Christopher Nolan's Oppenheimer Has Landed Vikings Star Gustaf Skårsgard
Christopher Nolan is collecting actors like Pokémon for his latest directorial effort, "Oppenheimer," a historical drama about the people who created the first atomic bomb. The cast is already absolutely stacked, but it had one fatal flaw: There weren't any Skarsgårds! The Swedish family is known for its thespians, including father Stellan ("Thor: The Dark World"), and brothers Alexander ("The Northman"), Gustaf ("Westworld"), Bill ("It"), and Valter ("Black Lake").

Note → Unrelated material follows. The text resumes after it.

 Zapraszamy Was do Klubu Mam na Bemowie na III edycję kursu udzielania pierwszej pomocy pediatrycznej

So it only seems right that Nolan has bagged a Skarsgård for his massive cast, and it's the second-oldest brother, Gustaf, best known for playing the mystical madman Floki on History Channel's "Vikings."

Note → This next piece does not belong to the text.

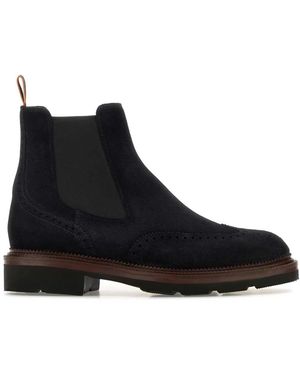 Santoni Midnight Suede Kalama Ankle Boots - Black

According to The Hollywood Reporter, Skarsgård will play German-American nuclear physicist Hans Bethe, who headed up the Theoretical division of the Manhattan Project and won the 1967 Nobel Prize in physics.
Could this cast get any bigger?
At this rate, "Oppenheimer" is going to have to be a five-hour-long epic in order to give every major actor cast a speaking role. Skarsgård will be joining a cast that includes Cillian Murphy, Emily Blunt, Robert Downey, Jr., Matt Damon, Florence Pugh, Rami Malek, Benny Safdie, Josh Peck, Jason Clarke, Matthias Schweighöfer, Josh Hartnett, Kenneth Branagh, James D'Arcy, Jack Quaid, Alden Ehrenreich, Dane Dehaan, David Krumholtz, and Matthew Modine.

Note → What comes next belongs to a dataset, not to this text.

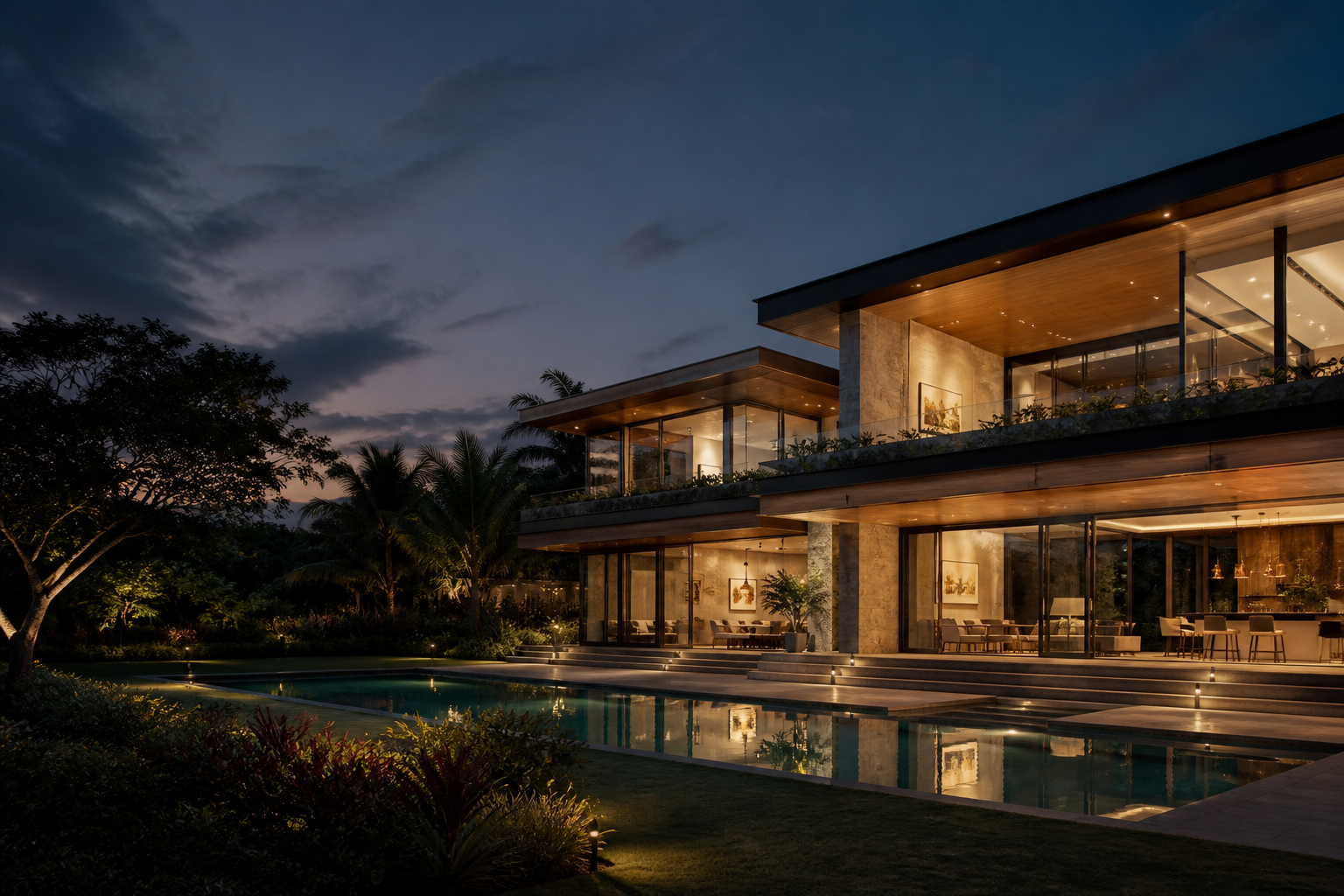 Contemporary residential architecture interior and exterior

Murphy is set to play the titular character, the "father of the atomic bomb," and Blunt will portray his wife, Kitty. Pugh will play Jean Tatlock, who had an affair with Oppenheimer that was a security risk because of her ties to the Communist Party of the United States. Damon will play Manhattan Project director Leslie Groves, Jr., while Downey, Jr. will play Lewis Strauss, the founding commissioner of the U.S. Atomic Energy Commission.
The film is based on the Pulitzer Prize-winning book "American Prometheus: The Triumph and Tragedy of J. Robert Oppenheimer" by Kai Bird and Martin J. Sherwin, which tells the complicated tale behind the world's first use of nuclear energy, and how that energy was turned into a means of mass destruction. Nolan has shown that he has an appreciation for history and theoretical science with films like "Dunkirk" and "Interstellar," so "Oppenheimer" feels like a perfect fit for the director's unique talents. I'm just curious to see how he's going to fit this many big-name actors into one film and give them all a chance to shine.
"Oppenheimer" is described as "an epic thriller that thrusts audiences into the pulse-pounding paradox of the enigmatic man who must risk destroying the world in order to save it," and is set to premiere in theaters on July 21, 2023.